Short descriptive text snippets:
= = =
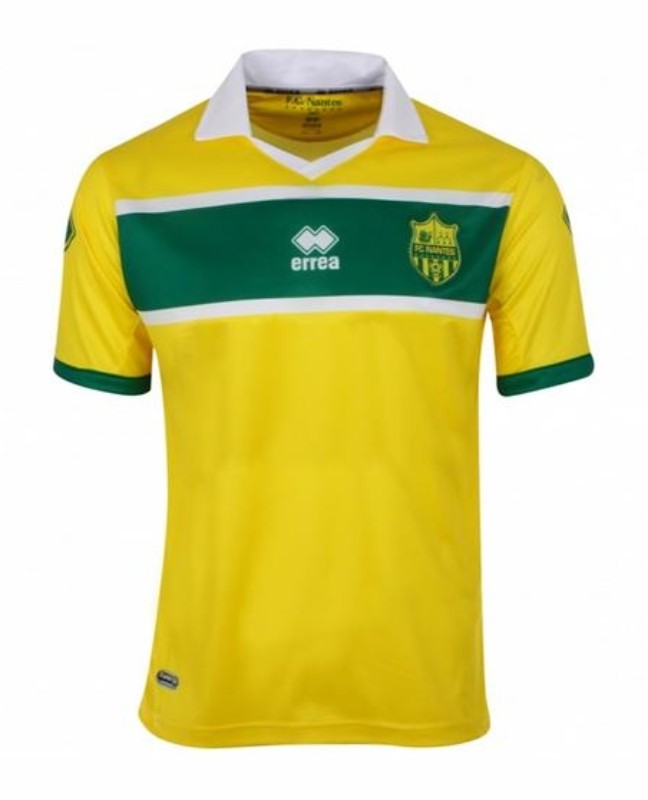 Primera equipación de Nantes 12-13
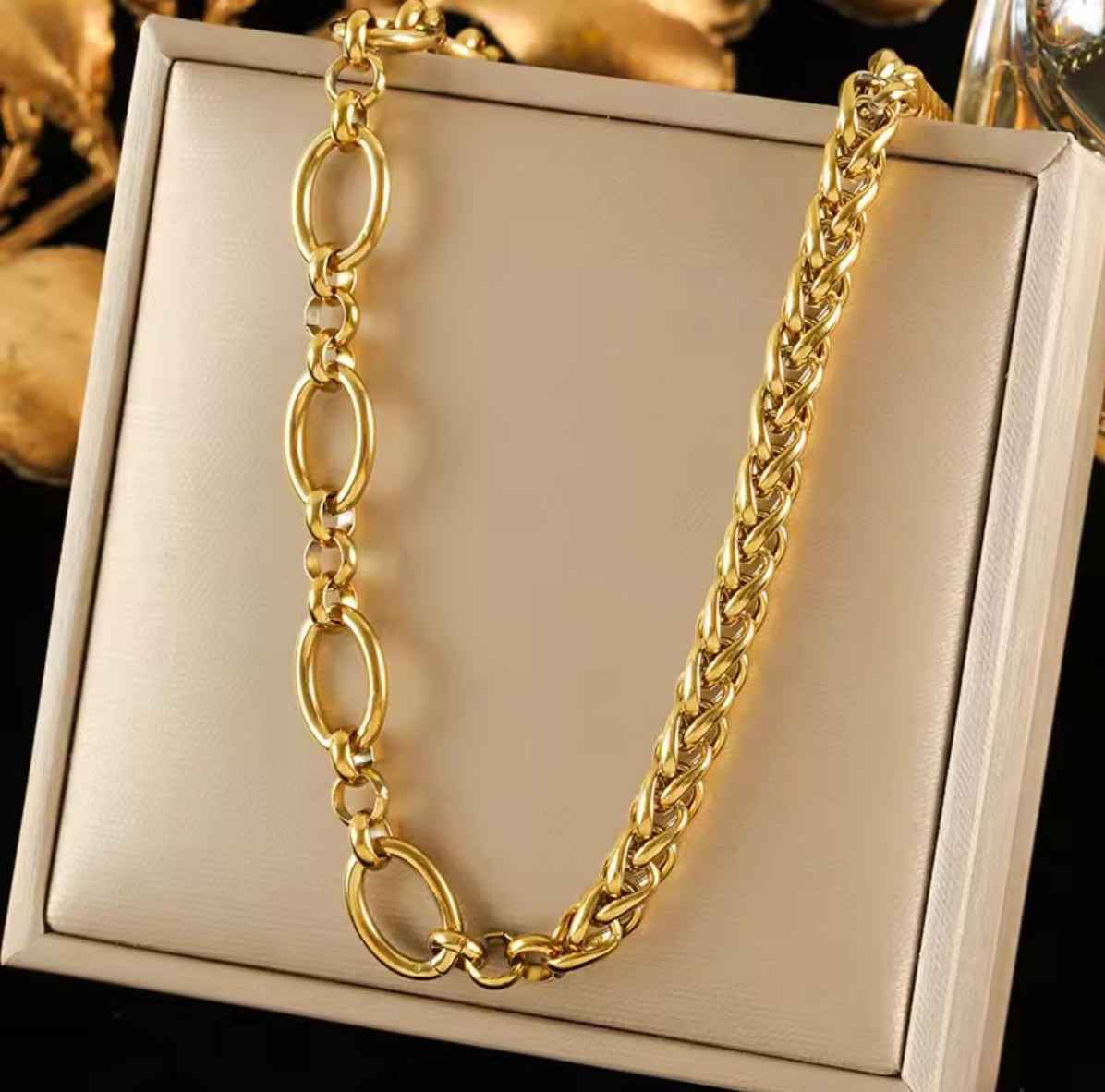 KAYLA CHAIN image 1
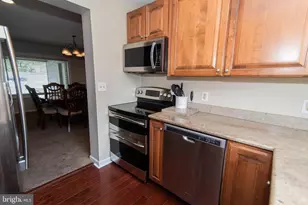 142 Elderberry Dr, Levittown, PA 19054 - Photo 14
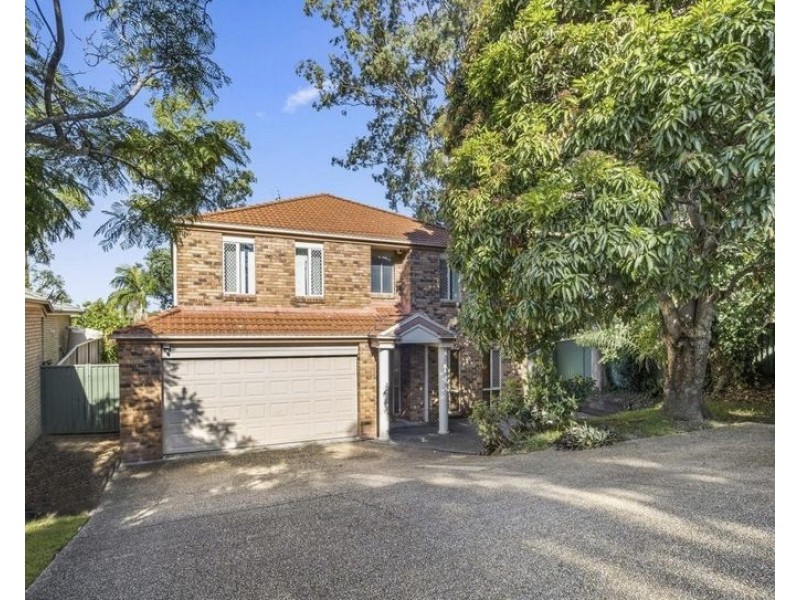 467 Pineridge Road, Runaway Bay QLD 4216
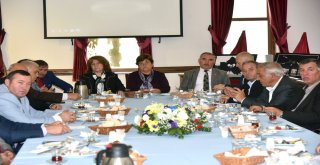 Başkan Sarıkurt Muhtarlarla Buluştu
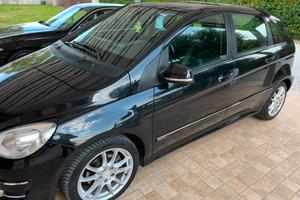 Mercedes B 200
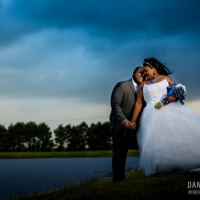 outdoor weddings by the lake in Houston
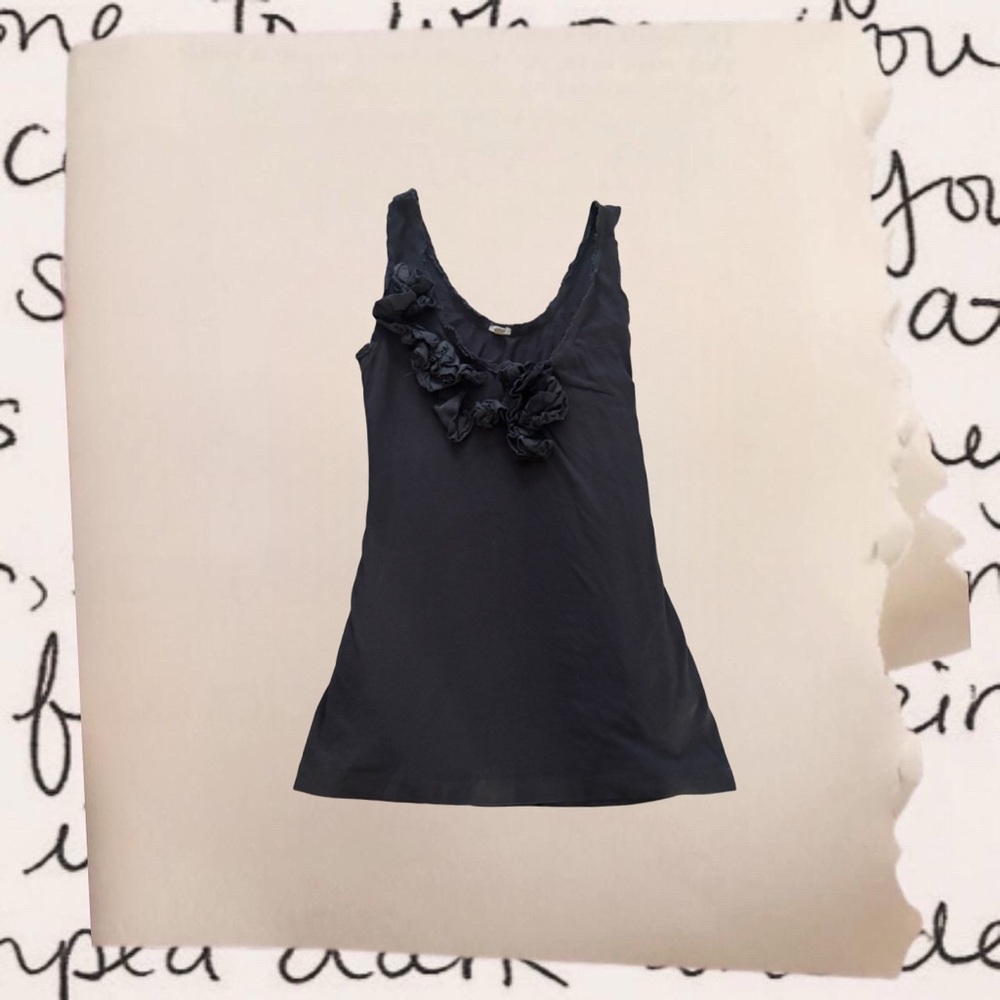 raw trim tank top with fabric floral applitique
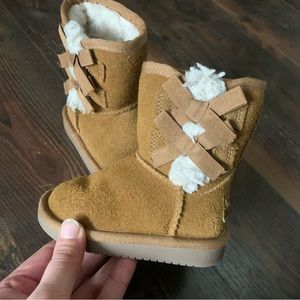 Koolaburra by UGG Victoria Short Chestnut Bow Boots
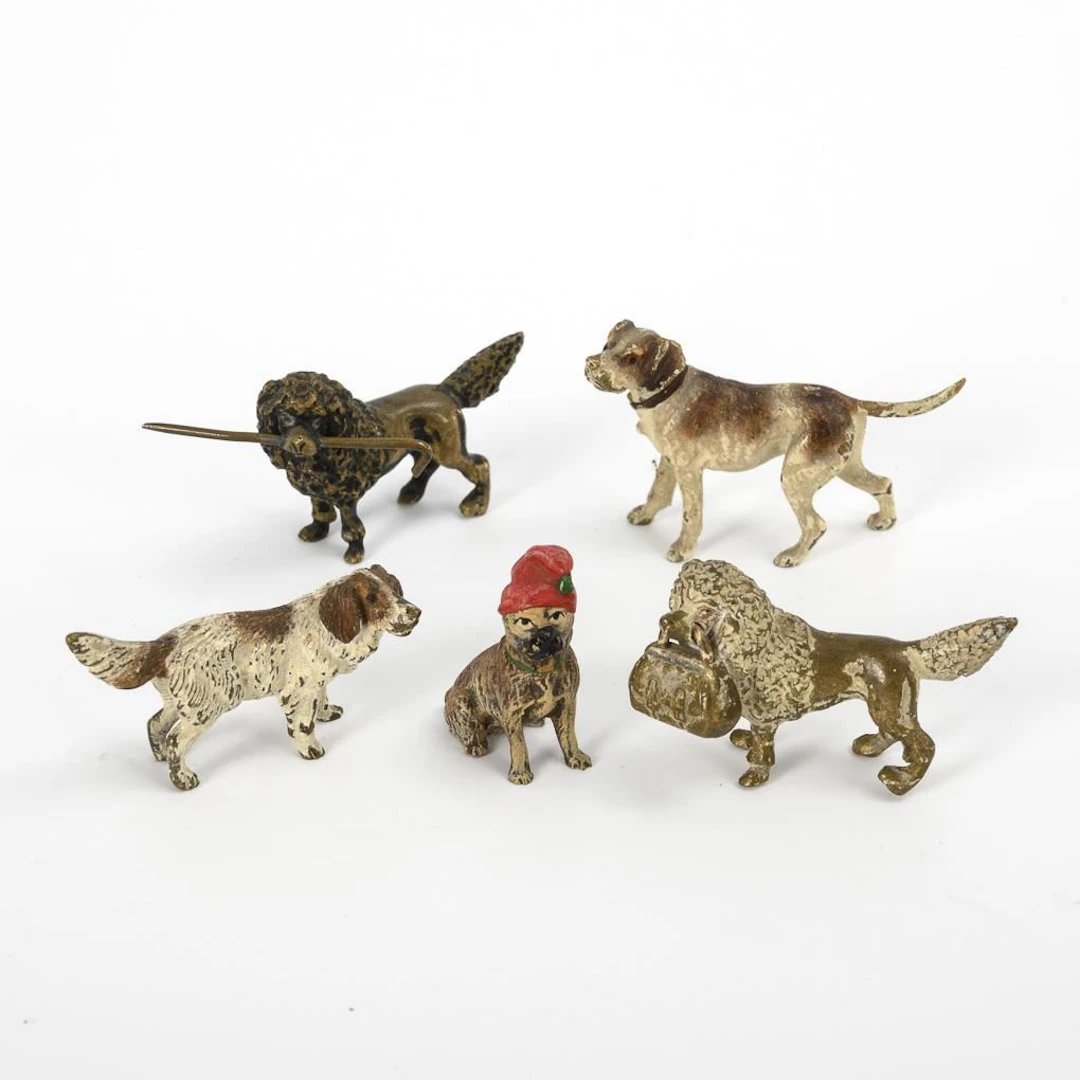 Viennese bronze (?): 5 dogs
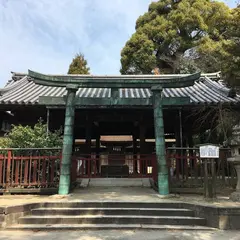 三翁神社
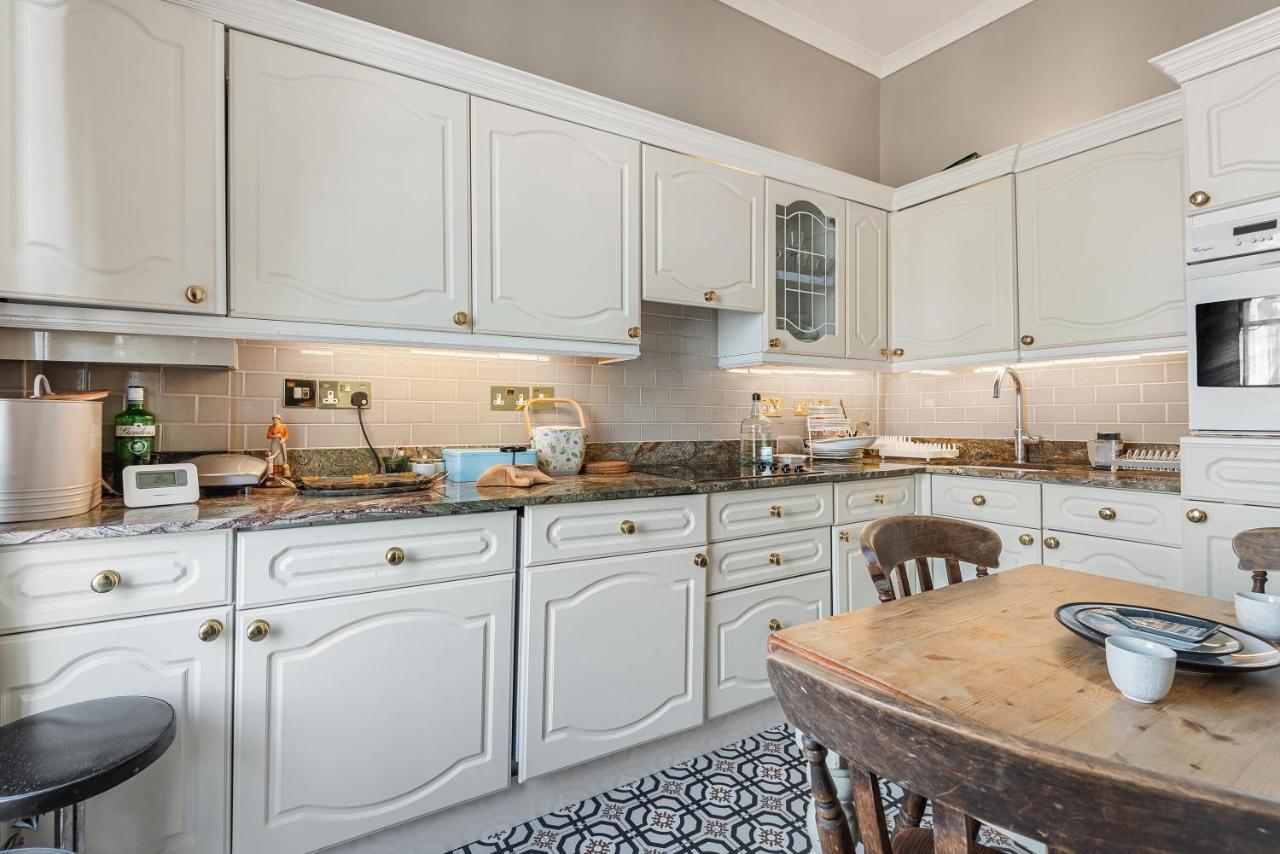 Charming One Bedroom Flat Near Maida Vale by Underthedoormat 2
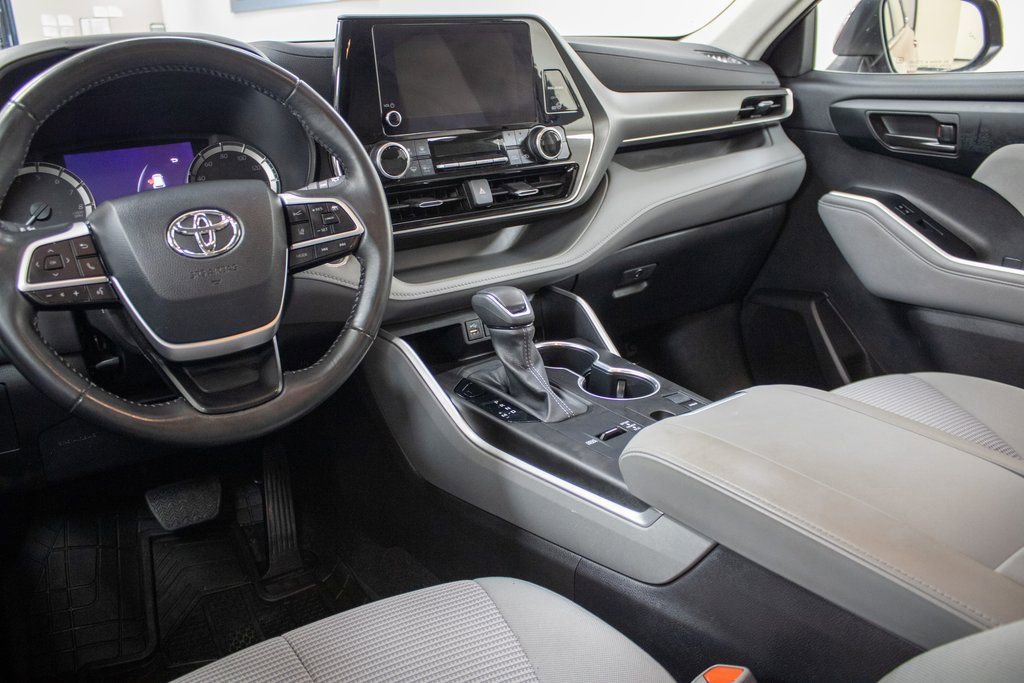 Used 2024 Toyota Highlander LE image 18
= = =
▸ Problem requirements: Quote the records above in full, dropping each picture.

▸ Response below:
 Primera equipación de Nantes 12-13
 KAYLA CHAIN image 1
 142 Elderberry Dr, Levittown, PA 19054 - Photo 14
 467 Pineridge Road, Runaway Bay QLD 4216
 Başkan Sarıkurt Muhtarlarla Buluştu
 Mercedes B 200
 outdoor weddings by the lake in Houston
 raw trim tank top with fabric floral applitique
 Koolaburra by UGG Victoria Short Chestnut Bow Boots
 Viennese bronze (?): 5 dogs
 三翁神社
 Charming One Bedroom Flat Near Maida Vale by Underthedoormat 2
 Used 2024 Toyota Highlander LE image 18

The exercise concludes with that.